What the exercise asks ::
After locating "Gem Rectangular Chain" in the listing below, copy that line and each one after it exactly, ending with the line that has "Unique Vintage Wedding".
——
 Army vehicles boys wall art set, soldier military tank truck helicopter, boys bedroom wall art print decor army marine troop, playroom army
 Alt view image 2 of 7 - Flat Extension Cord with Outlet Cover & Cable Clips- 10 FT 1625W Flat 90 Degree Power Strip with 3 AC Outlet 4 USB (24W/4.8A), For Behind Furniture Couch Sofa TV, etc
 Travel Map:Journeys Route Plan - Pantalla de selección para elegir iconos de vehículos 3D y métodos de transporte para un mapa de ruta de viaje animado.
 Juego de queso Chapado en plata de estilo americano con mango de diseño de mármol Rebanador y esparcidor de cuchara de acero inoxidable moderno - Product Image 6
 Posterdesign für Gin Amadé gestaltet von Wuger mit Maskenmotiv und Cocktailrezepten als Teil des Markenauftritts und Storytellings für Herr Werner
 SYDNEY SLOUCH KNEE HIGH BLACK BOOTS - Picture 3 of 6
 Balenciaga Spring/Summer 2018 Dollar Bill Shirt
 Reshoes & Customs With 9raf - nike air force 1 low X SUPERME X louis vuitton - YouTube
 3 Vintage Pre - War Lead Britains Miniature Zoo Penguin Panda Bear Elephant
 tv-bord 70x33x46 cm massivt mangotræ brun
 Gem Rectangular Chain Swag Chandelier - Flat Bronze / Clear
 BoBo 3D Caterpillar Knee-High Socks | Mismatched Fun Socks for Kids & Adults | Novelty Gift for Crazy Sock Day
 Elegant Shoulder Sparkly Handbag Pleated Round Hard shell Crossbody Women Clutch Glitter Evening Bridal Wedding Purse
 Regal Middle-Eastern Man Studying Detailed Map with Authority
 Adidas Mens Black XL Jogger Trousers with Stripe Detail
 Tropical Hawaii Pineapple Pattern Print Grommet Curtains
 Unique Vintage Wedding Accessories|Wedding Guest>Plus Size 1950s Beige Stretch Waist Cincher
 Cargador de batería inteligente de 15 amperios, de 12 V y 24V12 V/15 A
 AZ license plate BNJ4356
——
Response area ::
 Gem Rectangular Chain Swag Chandelier - Flat Bronze / Clear
 BoBo 3D Caterpillar Knee-High Socks | Mismatched Fun Socks for Kids & Adults | Novelty Gift for Crazy Sock Day
 Elegant Shoulder Sparkly Handbag Pleated Round Hard shell Crossbody Women Clutch Glitter Evening Bridal Wedding Purse
 Regal Middle-Eastern Man Studying Detailed Map with Authority
 Adidas Mens Black XL Jogger Trousers with Stripe Detail
 Tropical Hawaii Pineapple Pattern Print Grommet Curtains
 Unique Vintage Wedding Accessories|Wedding Guest>Plus Size 1950s Beige Stretch Waist Cincher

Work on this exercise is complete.